Many Tier-2 cities are no longer being seen as future markets. They are already showing signs of maturity.
Beyond yield, the attraction lies in diversification. That makes Tier-2 retail not just a peripheral opportunity, but an increasingly important part of India’s commercial real estate growth story.
India’s retail real estate story is no longer limited to the biggest metros. The next phase of growth is also coming from smaller cities, and Real Estate Investment Trusts (REITs) are playing a meaningful role in that shift. The large metropolitan markets still do most of the business, but Tier-2 cities are slowly becoming a bigger part of the leasing landscape. The middle class is upgrading, more people are moving to cities, and airports, highways, and metro projects are making it easier for people to get around.
An example of this trend is Nexus Select Trust. Since its listing in 2023 as the country’s first ever retail-focused REIT, the company has deployed into a portfolio size of 10.7 million sq ft spread across 17 malls located in 11 cities. Notably, this spread is beyond the typical metro centric markets. Cities such as Indore, Lucknow, and Bhubaneswar are now part of the organised retail conversation in a much bigger way. It brought in Rs 2,800 crore from institutions, with 62 per cent of that coming from Indian investors.

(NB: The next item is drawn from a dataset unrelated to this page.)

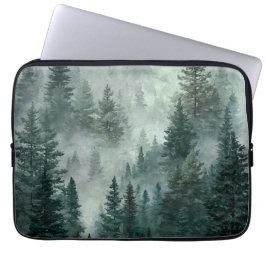 Capa Para Notebook Moody Forest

“The larger point is that REITs are changing how retail real estate gets funded and owned in India. Instead of assets sitting only with developers, they are being brought into structures that are more transparent, better governed, and focused on regular income distribution,” says Purvang Mashru, Senior Quantitative Research Analyst at 1 Finance.
That changes the proposition for investors. It also raises the bar for asset quality, occupancy, and operational discipline. In smaller cities, that matters even more, because the success of organised retail depends not just on demand, but on execution and tenant quality.
What is encouraging is that many Tier-2 cities are no longer being seen as future markets. They are already showing signs of maturity. The entry of established brands such as Zara and Decathlon is one signal.
“Rental growth is another. In Jaipur, for instance, metro expansion and improving urban infrastructure have supported a sharp rise in rents over the last two years. This suggests that in the right micro-markets, demand is not merely shifting outward from metros, but taking shape on its own strength,” says Mashru.
Investor appetite reflects that confidence. Part of that appeal comes from the yield profile, which in several cases compares favourably with office assets. But beyond yield, the attraction lies in diversification. That makes Tier-2 retail not just a peripheral opportunity, but an increasingly important part of India’s commercial real estate growth story.